## Data records
[Start of section]

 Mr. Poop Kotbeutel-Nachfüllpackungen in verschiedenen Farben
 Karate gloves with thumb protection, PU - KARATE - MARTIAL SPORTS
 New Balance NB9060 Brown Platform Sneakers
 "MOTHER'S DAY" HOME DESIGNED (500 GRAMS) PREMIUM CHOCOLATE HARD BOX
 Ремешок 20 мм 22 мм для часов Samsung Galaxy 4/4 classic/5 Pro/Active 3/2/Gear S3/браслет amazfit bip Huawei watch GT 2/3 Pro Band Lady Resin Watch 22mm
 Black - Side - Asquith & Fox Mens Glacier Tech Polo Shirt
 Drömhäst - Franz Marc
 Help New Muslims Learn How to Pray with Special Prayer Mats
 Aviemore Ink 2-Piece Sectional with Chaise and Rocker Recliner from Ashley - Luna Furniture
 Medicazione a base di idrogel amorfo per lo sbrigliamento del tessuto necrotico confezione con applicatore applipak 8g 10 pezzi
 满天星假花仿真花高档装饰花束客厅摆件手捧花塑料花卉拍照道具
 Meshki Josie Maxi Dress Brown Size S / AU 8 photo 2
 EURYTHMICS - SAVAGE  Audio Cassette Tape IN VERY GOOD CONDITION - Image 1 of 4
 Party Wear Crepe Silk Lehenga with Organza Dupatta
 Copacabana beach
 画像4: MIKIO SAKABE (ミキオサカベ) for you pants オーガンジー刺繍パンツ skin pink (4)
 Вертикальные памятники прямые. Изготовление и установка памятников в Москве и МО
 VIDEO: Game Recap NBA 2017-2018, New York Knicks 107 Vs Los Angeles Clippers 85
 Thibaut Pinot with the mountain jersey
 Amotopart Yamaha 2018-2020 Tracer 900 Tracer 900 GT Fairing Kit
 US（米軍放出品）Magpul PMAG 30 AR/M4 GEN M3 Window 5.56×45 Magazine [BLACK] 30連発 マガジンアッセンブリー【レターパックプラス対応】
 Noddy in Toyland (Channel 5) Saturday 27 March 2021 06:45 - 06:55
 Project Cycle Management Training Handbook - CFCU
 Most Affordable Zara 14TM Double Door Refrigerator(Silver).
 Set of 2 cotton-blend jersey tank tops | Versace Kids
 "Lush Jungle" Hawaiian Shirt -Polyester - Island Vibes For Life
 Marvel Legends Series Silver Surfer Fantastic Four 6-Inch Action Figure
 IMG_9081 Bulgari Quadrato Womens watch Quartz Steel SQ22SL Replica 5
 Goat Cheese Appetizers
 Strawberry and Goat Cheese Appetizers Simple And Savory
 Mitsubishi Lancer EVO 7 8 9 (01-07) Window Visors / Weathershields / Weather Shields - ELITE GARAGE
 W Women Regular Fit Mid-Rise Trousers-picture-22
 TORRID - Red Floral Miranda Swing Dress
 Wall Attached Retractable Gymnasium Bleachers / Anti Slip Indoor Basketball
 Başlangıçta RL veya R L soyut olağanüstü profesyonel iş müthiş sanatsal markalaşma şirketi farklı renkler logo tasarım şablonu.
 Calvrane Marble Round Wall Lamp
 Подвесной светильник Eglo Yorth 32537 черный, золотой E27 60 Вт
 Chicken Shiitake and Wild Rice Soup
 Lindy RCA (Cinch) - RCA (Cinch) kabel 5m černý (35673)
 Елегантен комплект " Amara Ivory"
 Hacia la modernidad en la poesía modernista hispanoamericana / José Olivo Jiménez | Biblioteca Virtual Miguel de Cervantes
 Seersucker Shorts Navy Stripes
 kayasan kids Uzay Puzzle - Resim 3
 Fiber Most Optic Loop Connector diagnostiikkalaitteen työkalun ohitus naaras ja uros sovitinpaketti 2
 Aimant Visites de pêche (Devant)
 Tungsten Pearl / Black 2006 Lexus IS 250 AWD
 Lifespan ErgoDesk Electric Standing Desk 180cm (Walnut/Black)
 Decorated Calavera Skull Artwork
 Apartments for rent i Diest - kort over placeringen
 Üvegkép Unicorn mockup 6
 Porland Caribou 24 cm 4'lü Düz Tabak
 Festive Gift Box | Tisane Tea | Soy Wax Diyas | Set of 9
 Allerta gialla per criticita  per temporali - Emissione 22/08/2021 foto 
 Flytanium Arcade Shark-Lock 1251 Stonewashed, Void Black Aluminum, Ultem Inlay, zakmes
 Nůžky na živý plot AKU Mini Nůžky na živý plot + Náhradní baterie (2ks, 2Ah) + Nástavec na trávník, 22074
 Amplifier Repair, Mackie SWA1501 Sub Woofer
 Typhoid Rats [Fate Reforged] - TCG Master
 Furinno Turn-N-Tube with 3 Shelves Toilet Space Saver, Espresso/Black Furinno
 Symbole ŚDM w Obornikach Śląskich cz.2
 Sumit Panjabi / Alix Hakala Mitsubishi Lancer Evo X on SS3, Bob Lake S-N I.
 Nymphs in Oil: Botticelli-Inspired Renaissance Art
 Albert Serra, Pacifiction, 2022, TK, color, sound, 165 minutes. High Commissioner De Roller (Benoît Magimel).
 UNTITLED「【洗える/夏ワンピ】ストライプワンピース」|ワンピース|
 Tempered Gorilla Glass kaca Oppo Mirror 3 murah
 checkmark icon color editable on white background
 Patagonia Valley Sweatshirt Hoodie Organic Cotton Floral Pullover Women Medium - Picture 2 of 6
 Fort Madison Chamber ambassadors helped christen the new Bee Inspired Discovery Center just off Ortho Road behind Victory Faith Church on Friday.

[End of section]

## Task objective
Report every line of the records that contains the word "Appetizers".

## Final answer
 Goat Cheese Appetizers
 Strawberry and Goat Cheese Appetizers Simple And Savory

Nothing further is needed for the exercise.